This section is a partial overview of representative work in this area. The bibliography contains over 50 papers tagged as relevant to this scenario. We focus on surveys and key papers that introduced new ideas or concluded a line of research, not incremental steps that, while also important, are of less interest to readers outside the provenance reserach community.



There appear to be two basic approaches to describing the objects to which provenance records refer: a "coarse-grained" approach which assigns atomic identifiers (e.g. URLs) to data objects (with no containment relationships) and a "fine-grained" approach in which objects may be at multiple levels in a containment hierarchy, and identifiers explicitly reflect this.
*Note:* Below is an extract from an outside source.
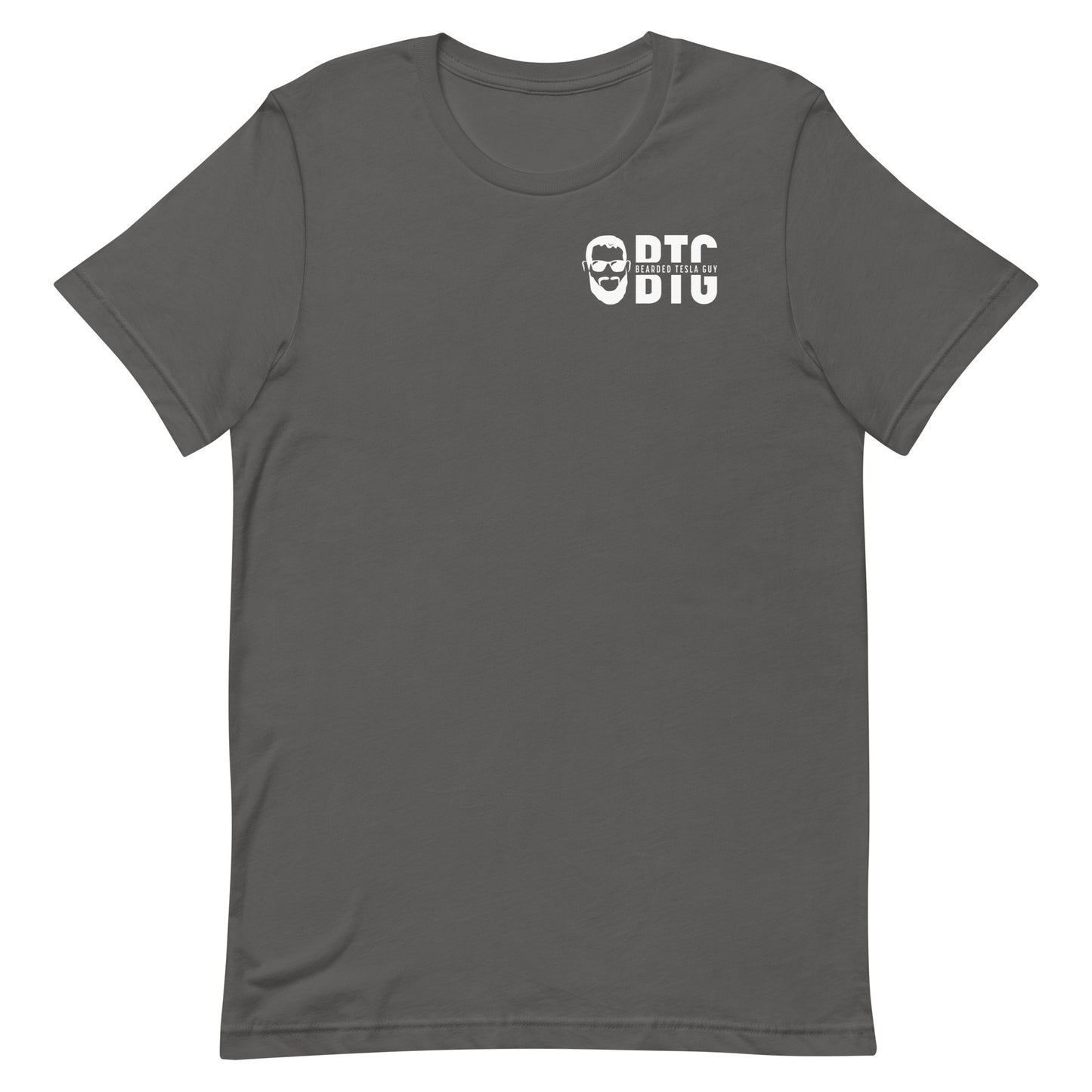 BTG - White Logo Soft Unisex t-shirt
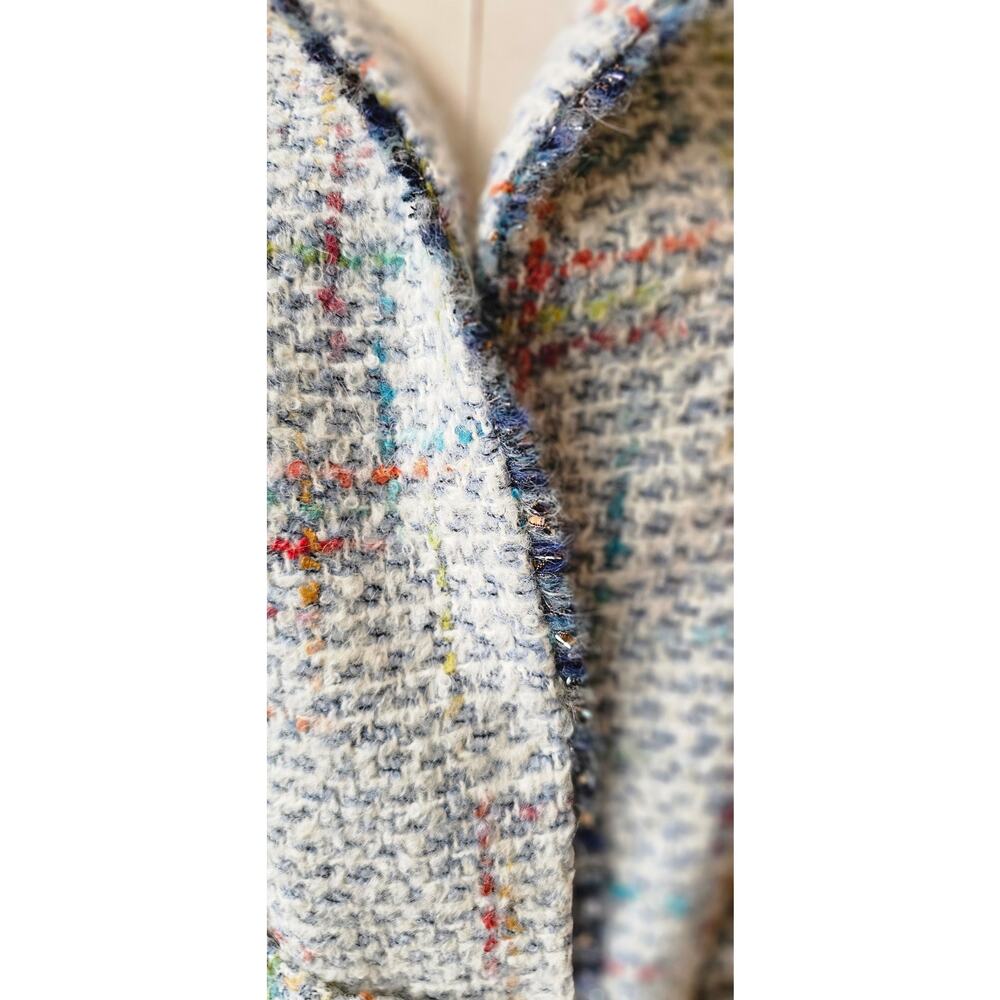 Vilagallo Multicolor Textured Jacket - Picture 3 of 8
The Open Provenance Model (Moreau et al. 2010) and most of the provenance vocabularies studied in the Provenance Vocabulary Mappings report adopt the coarse-grained model, while much work on provenance in databases (Buneman 2006) (and increasingly some in workflows and other settings) adopts the fine-grained model.

The difference between coarse- and fine-grained identification of objects is not really a difference in kind, but one of emphasis: coarse-grained object identifiers can of course be used to simulate fine-grained collections; the issue is really whether the identifiers have a standard, transparent structure, or are ad hoc. Thus, the two models can probably be reconciled.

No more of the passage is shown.